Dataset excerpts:
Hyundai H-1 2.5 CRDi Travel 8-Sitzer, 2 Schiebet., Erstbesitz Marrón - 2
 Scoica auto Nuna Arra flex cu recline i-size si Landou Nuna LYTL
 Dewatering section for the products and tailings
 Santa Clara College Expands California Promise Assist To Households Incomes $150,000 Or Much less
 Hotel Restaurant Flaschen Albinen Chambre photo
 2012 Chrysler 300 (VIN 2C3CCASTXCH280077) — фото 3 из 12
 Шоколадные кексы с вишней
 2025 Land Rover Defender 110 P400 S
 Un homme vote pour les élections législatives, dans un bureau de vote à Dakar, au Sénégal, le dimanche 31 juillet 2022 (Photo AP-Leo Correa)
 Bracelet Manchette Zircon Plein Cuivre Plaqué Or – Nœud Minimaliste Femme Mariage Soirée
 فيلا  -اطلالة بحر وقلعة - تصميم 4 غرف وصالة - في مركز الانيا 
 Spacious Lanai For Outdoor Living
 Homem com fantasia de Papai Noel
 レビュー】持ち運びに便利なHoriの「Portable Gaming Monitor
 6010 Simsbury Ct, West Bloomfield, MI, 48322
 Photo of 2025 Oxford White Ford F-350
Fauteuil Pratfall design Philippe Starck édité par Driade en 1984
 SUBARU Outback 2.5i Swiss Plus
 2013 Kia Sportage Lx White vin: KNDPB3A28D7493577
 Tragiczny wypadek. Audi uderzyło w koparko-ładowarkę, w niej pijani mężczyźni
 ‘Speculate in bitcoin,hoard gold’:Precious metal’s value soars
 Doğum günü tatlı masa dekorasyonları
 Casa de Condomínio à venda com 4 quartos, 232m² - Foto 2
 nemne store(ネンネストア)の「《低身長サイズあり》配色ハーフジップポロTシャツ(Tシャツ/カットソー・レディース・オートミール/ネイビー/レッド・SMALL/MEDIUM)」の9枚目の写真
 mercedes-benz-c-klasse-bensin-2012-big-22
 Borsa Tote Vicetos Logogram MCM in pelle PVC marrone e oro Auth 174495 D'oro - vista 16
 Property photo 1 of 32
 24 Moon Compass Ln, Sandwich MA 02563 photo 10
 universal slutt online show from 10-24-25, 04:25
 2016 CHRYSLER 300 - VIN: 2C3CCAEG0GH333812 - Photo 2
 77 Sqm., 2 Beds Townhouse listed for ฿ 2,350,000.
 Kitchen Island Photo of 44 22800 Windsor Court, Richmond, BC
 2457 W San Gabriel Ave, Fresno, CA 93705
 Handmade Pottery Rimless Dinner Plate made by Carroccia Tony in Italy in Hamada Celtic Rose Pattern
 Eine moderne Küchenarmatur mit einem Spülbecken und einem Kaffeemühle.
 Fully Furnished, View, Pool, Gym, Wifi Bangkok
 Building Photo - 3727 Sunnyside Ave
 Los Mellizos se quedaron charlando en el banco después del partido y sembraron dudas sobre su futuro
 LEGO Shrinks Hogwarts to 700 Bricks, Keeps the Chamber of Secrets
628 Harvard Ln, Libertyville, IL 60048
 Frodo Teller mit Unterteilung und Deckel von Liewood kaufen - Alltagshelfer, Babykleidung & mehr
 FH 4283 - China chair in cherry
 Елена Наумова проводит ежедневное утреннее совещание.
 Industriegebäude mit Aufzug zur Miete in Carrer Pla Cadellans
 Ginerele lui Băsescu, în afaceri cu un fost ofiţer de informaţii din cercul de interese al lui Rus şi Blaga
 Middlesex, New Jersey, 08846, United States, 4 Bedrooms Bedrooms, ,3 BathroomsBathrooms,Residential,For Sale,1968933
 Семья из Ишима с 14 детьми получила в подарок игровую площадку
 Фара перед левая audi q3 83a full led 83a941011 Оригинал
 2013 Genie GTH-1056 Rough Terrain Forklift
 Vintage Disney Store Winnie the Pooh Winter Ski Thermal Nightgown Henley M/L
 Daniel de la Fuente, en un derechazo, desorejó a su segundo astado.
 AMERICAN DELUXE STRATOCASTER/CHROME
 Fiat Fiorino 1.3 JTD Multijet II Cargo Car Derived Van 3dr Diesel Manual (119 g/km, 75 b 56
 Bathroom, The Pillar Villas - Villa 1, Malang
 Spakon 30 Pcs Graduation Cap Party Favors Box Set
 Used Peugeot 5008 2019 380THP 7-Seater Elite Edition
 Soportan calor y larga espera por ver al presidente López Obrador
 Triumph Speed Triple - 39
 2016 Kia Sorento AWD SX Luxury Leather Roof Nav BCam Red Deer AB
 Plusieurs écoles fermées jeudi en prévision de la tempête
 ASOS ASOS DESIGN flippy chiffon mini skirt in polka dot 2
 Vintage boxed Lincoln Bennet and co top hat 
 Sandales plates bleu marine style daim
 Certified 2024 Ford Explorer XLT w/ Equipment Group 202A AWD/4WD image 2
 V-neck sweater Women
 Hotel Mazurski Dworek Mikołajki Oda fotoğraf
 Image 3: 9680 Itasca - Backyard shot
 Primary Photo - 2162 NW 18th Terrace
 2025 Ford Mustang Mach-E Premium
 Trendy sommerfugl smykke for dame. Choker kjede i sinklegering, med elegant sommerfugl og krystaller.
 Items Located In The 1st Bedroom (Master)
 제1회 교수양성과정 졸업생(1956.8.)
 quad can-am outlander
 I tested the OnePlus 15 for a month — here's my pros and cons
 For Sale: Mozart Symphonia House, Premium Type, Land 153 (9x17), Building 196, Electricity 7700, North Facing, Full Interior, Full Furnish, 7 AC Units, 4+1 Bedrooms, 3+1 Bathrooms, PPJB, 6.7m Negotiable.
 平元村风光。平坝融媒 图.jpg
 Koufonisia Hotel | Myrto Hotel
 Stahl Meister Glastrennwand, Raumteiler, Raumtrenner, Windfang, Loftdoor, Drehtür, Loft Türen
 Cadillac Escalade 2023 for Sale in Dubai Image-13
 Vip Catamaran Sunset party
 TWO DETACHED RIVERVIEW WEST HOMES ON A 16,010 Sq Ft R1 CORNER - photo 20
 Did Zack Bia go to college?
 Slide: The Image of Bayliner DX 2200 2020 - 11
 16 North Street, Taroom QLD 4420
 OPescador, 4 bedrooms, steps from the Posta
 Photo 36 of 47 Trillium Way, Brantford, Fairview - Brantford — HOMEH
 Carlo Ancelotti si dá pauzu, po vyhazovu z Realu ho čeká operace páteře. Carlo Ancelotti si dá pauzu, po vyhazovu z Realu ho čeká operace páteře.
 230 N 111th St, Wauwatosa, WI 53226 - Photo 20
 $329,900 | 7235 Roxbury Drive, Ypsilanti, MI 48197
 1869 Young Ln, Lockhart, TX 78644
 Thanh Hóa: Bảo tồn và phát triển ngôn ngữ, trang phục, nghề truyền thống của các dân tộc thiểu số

*What to work on*
What is needed is every line from the start of the entries through the line containing "Property photo 1 of 32", returned word for word and nothing else.

*Result of the exercise*
Hyundai H-1 2.5 CRDi Travel 8-Sitzer, 2 Schiebet., Erstbesitz Marrón - 2
 Scoica auto Nuna Arra flex cu recline i-size si Landou Nuna LYTL
 Dewatering section for the products and tailings
 Santa Clara College Expands California Promise Assist To Households Incomes $150,000 Or Much less
 Hotel Restaurant Flaschen Albinen Chambre photo
 2012 Chrysler 300 (VIN 2C3CCASTXCH280077) — фото 3 из 12
 Шоколадные кексы с вишней
 2025 Land Rover Defender 110 P400 S
 Un homme vote pour les élections législatives, dans un bureau de vote à Dakar, au Sénégal, le dimanche 31 juillet 2022 (Photo AP-Leo Correa)
 Bracelet Manchette Zircon Plein Cuivre Plaqué Or – Nœud Minimaliste Femme Mariage Soirée
 فيلا  -اطلالة بحر وقلعة - تصميم 4 غرف وصالة - في مركز الانيا 
 Spacious Lanai For Outdoor Living
 Homem com fantasia de Papai Noel
 レビュー】持ち運びに便利なHoriの「Portable Gaming Monitor
 6010 Simsbury Ct, West Bloomfield, MI, 48322
 Photo of 2025 Oxford White Ford F-350
Fauteuil Pratfall design Philippe Starck édité par Driade en 1984
 SUBARU Outback 2.5i Swiss Plus
 2013 Kia Sportage Lx White vin: KNDPB3A28D7493577
 Tragiczny wypadek. Audi uderzyło w koparko-ładowarkę, w niej pijani mężczyźni
 ‘Speculate in bitcoin,hoard gold’:Precious metal’s value soars
 Doğum günü tatlı masa dekorasyonları
 Casa de Condomínio à venda com 4 quartos, 232m² - Foto 2
 nemne store(ネンネストア)の「《低身長サイズあり》配色ハーフジップポロTシャツ(Tシャツ/カットソー・レディース・オートミール/ネイビー/レッド・SMALL/MEDIUM)」の9枚目の写真
 mercedes-benz-c-klasse-bensin-2012-big-22
 Borsa Tote Vicetos Logogram MCM in pelle PVC marrone e oro Auth 174495 D'oro - vista 16
 Property photo 1 of 32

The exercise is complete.